Jeremy Hughes (06:29):

So there’s a lot of math’s that you can go into which I want. But basically I looked at our patient cohort. I did a lot of medians. I did a lot of standard deviations of how much they’re moving inside the actual beam itself. And you can kind of come with a systematic error of your patient cohort being around, Hey, let’s 0.1 degree and then your standard deviation, that’s your spread as well. So that’s only analyzing when the beam is turned on. And so it’s ignoring all those times where the patient has triggered an Interlochen AlignRT.

Jeremy Hughes (07:16):

I basically also looked at the percentage overlap as well. So I put thresholds to the data. So going back here, I looked at it and I basically said, all right, let’s analyze all of the data. Let’s analyze only when the data is say, above 70%. So that would ignore that data as well, just to see how the numbers changed basically. And all in all, it’s sitting at around, you know, 0.1, roughly point 0.1 mil a little bit more in the long, which is you, I feel like you sort of expect just from looking at a delivery you can see the long is kicking off a bit more.

Jeremy Hughes (08:04):

In these margin calculations, of course there’s a lot of caveats as there always is. In this one, I’m purely looking at the ISO being in the middle of a target. I’m not looking at lots of different targets with one iso. So, not getting into some of that funky rotational stuff that Michael was talking about in the previous talk. And there’s a whole lot of numbers, as he was saying, linear algebra, add them up in a quad chart, do some analysis and that helps you sort of come to a margin at the end of it.

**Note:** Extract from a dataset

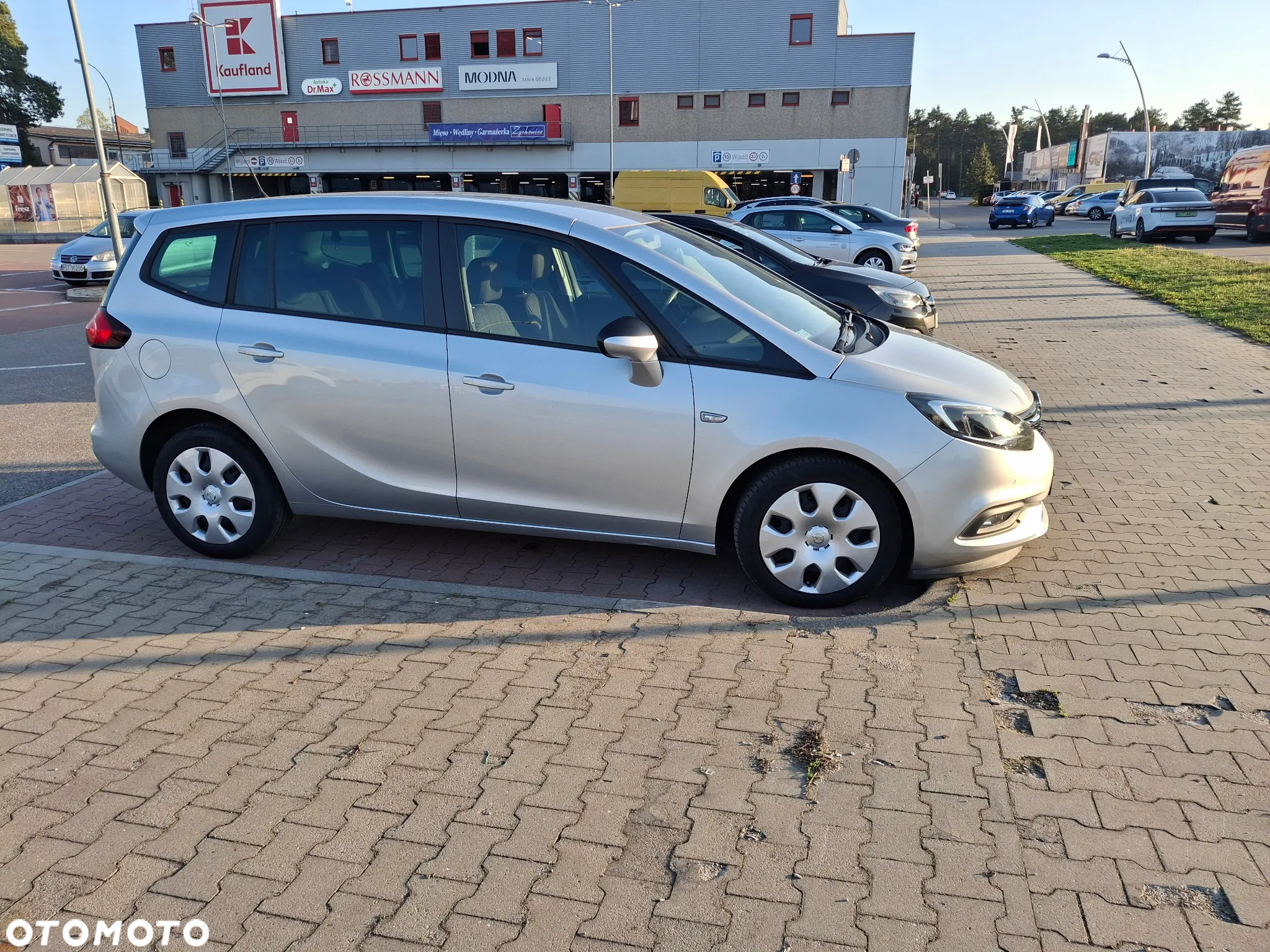Opel Zafira - 4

So this is looking at, I guess, more of a geometric margin. So really looking at that the geometric misses in theory, again, like I said at the beginning, there’s a lot that goes into the actual conversation about what a CTV-to-PTV margin is. But that definitely, I guess, put our mind at ease, you know, in talking to the ROS who are very keen on reducing that margin down to be like, well, one mil isn’t so far out from our calculated margin with all of the tolerances and assumptions inbuilt into it. So all of that to say we looked at a lot of our patient cohort and did our math’s as you saw before. And it really helped us to, I guess, be like, well, one mill for these cases is well acceptable, looking at our data. And camera occlusion didn’t really have a lot of impacts in the, I guess, patient information as a whole. But I think that’s another scope that you, we want to investigate further. I will say, just because I forgot to mention it before, all the real-time delta analysis is quite nice as well. You do have to extract it out from the machine, which I found was the, I guess, the biggest barrier for entry for just my analysis, just because you do have to like physically go down there and like click buttons. I tried to automate it, but because of that, I guess we’ve treated a lot of patients here, but I only got to analyze, you know, a subset of them basically. But yeah ongoing, this could be an ongoing thing. You could in theory, extend this out to all your patients treated with surface guided to, you know, really retrospectively just analyse the patient motion. But it is the case that you still need to physically go and export it, which I think is the main limiting factor of this. Yeah. Thank you.